2. Choose a suitable type of business
Different types of business are suitable for different types of people. The type of business you choose should match your interests, skills and experience.
Here are some clarifying questions:
- Do you want to work indoors or outdoors?
- Are you aiming for many customers or few customers?
- Are you looking for consumers or business customers?
- Other demographics to consider – age, gender, ethnicity
- High customer interaction or lower customer interaction
- High technical skill or lower technical skills
- High sales component or moderate sales component
- Monday to Friday 9 to 5 or weekends and/or nights
- Many or few staff
- Part time or full time
- How much money do you want to make?
- Is the business a family involvement or by yourself?
These questions (and more) will assist you in narrowing down the type of business that meets your objectives. As a business broker, I regularly see people buy different types of business to the one that they approached me to buy.

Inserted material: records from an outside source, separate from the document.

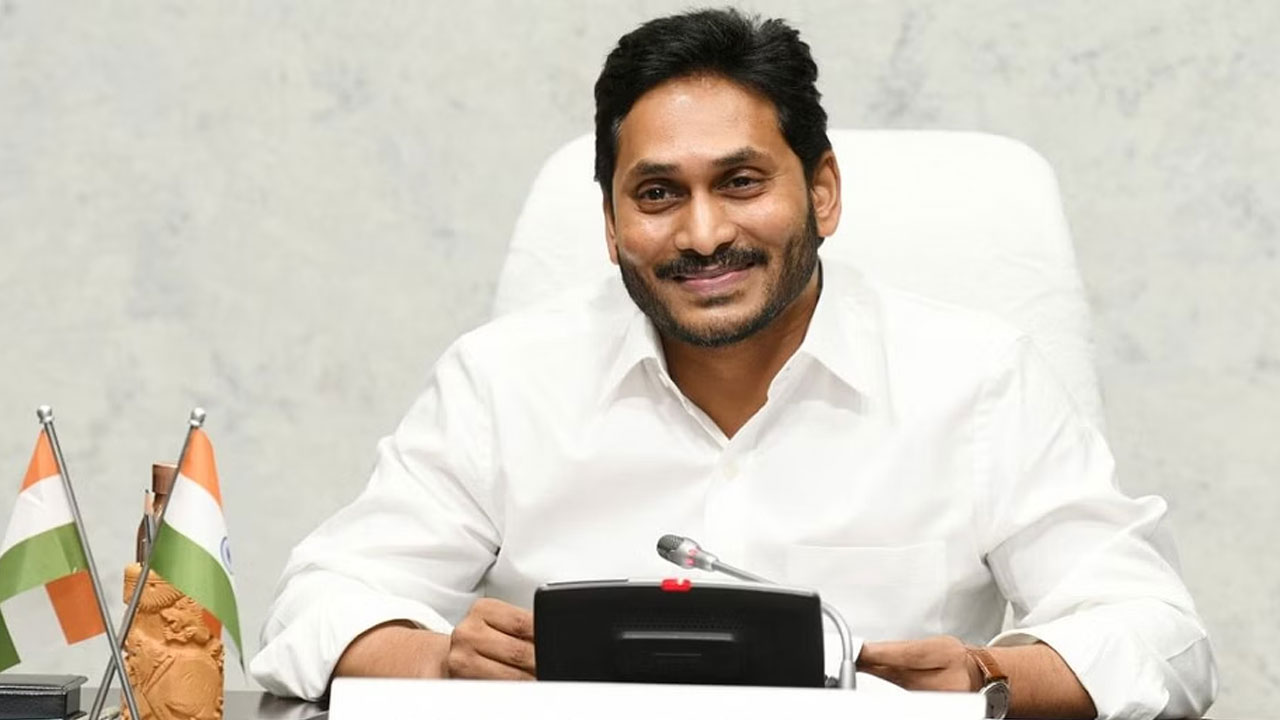 CM Jagan: శ్రీకాకుళం జిల్లా పర్యటనకు బయలుదేరిన సీఎం జగన్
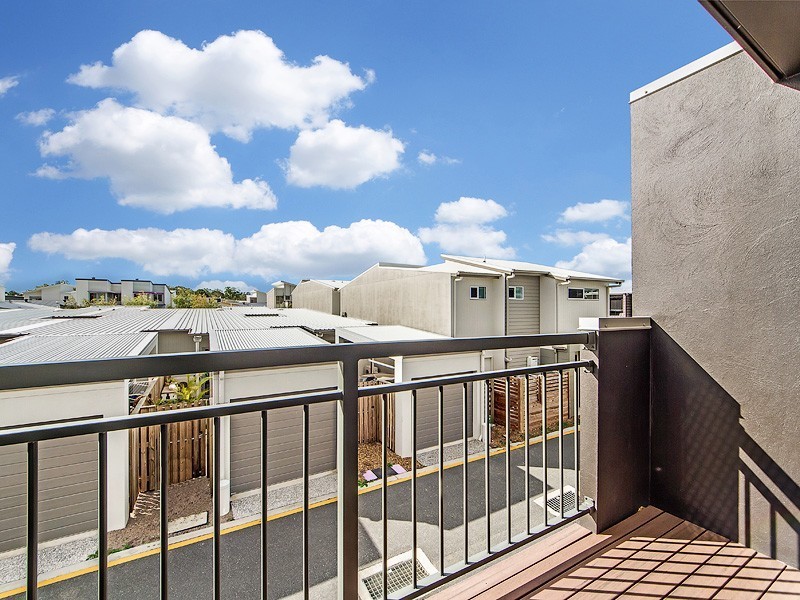 6 Tomaree Lane, Fitzgibbon QLD 4018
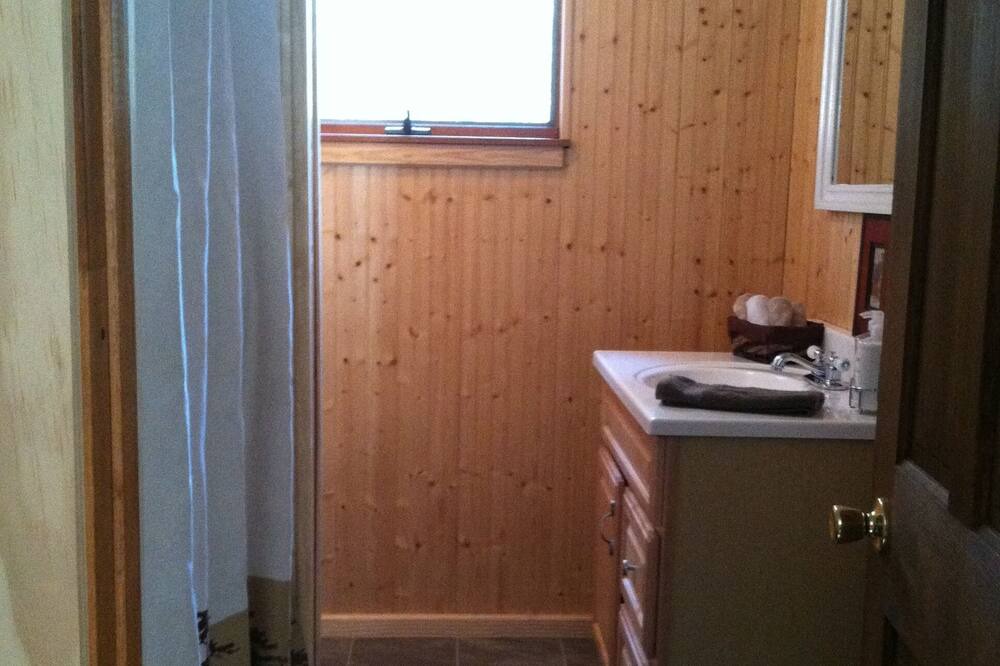 Photo of Bathroom in Woodgate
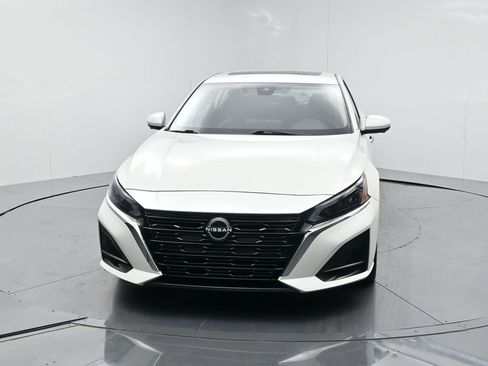 Used 2025 Nissan Altima 2.5 SL FWD image 20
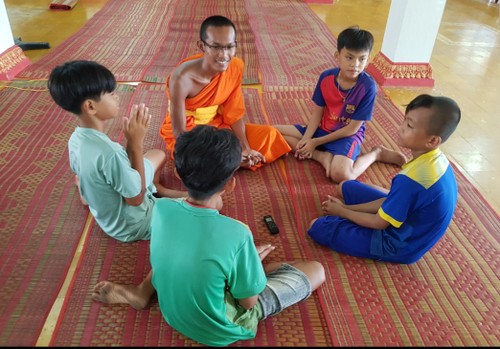 Khmer pagodas join efforts to preserve Khmer language, handwriting  - ảnh 2
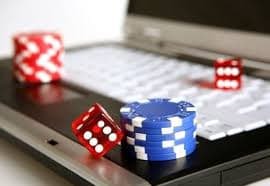 Người dùng Việt tải app qq66 trên điện thoại Android để chơi casino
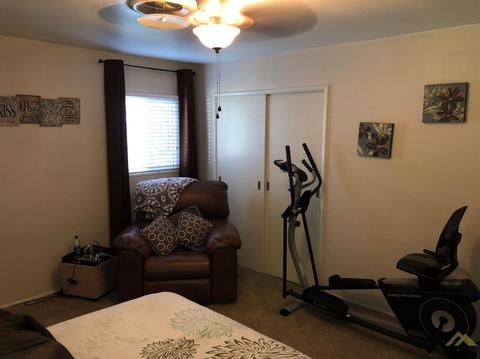204 Walnut St, Shafter, CA 93263 photo 7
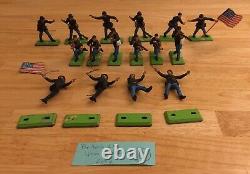 Britain Ltd Deetail Civil War Union Toy Soldiers/Infantry 16 Figure Lot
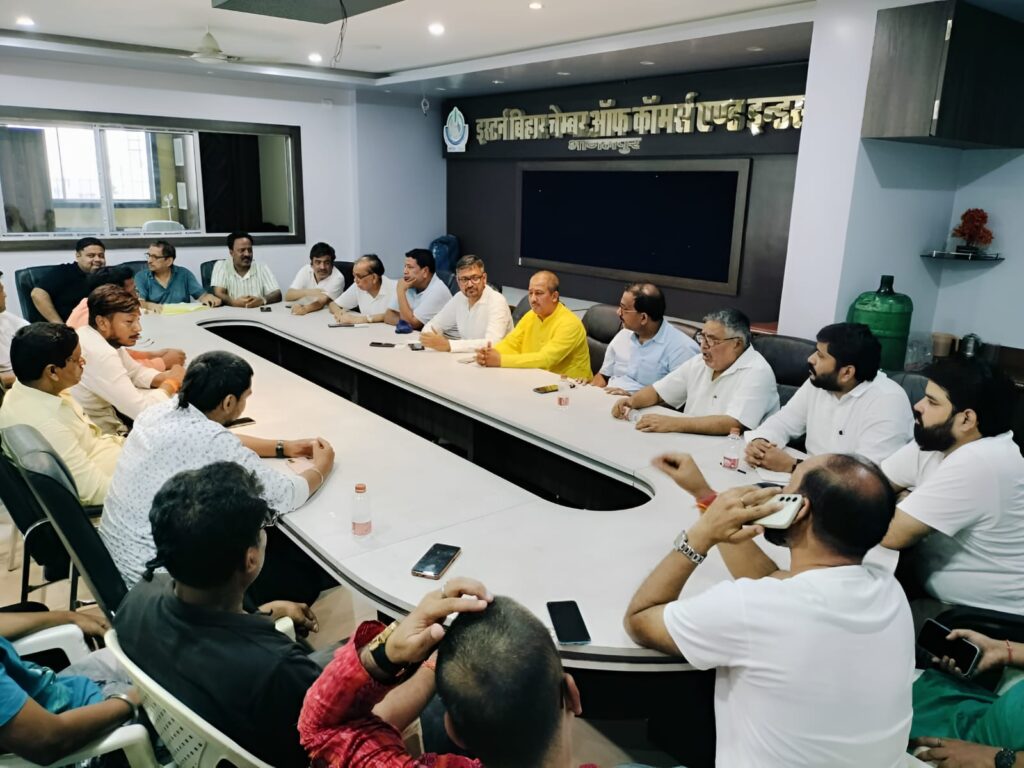 Raunak Kedia murder case: दवा कारोबारी के पुत्र की हत्या के विराेध में बंद रहा भागलपुर बाजार, कारोबारी सड़क पर उतरे 2 Raunak Kedia murder case: दवा कारोबारी के पुत्र की हत्या के विराेध में बंद रहा भागलपुर बाजार, कारोबारी सड़क पर उतरे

3. Understand buying vs. starting a business
Some people are more suited to starting a business, whilst others are better in purchase an existing business. Starting a business may require fewer funds upfront, but make take time to generate a reasonable profit. An established business may make initial profits; however, you will have to pay for that goodwill and there may be risks about the information that the vendor provided.
4. Understand the difference between business and franchise
Some people are more comfortable in the structure of a franchise business whilst some people could not see themselves paying any franchise fees. If you are considering a franchise, make sure you do your homework on the fee structure, the performance of the franchisees, and litigation issues -- as not all franchises are viable.
5. Know the different ways to find businesses for sale
The most common way of searching for a business to buy is to search the internet for sale listing sites. The leading internet listing sites will allow you to refine your search on different criteria such as the business type, location and price.
You should also identify any business brokers who operate in the segments of the market that you are planning to buy. I strongly recommend only approaching business brokers who are members of the Australian Institute of Business Brokers (www.aibb.org.au).
6. Prepare questions for the initial review
When you identify a potential business, typically you may be given some preliminary information and then you will be required to sign a confidentiality agreement for any substantive information is provided. After reviewing the initial information, prepare a list of questions to ask the business broker, including the inevitable question: “Why are they selling the business?”
Then, it's time to visit the business and meet the owner. Again, have your questions prepared ahead of time. If they are not willing or able to answer any reasonable questions, be very cautious in progressing. Do not just go to the premises or talk to the vendor directly, without the business broker.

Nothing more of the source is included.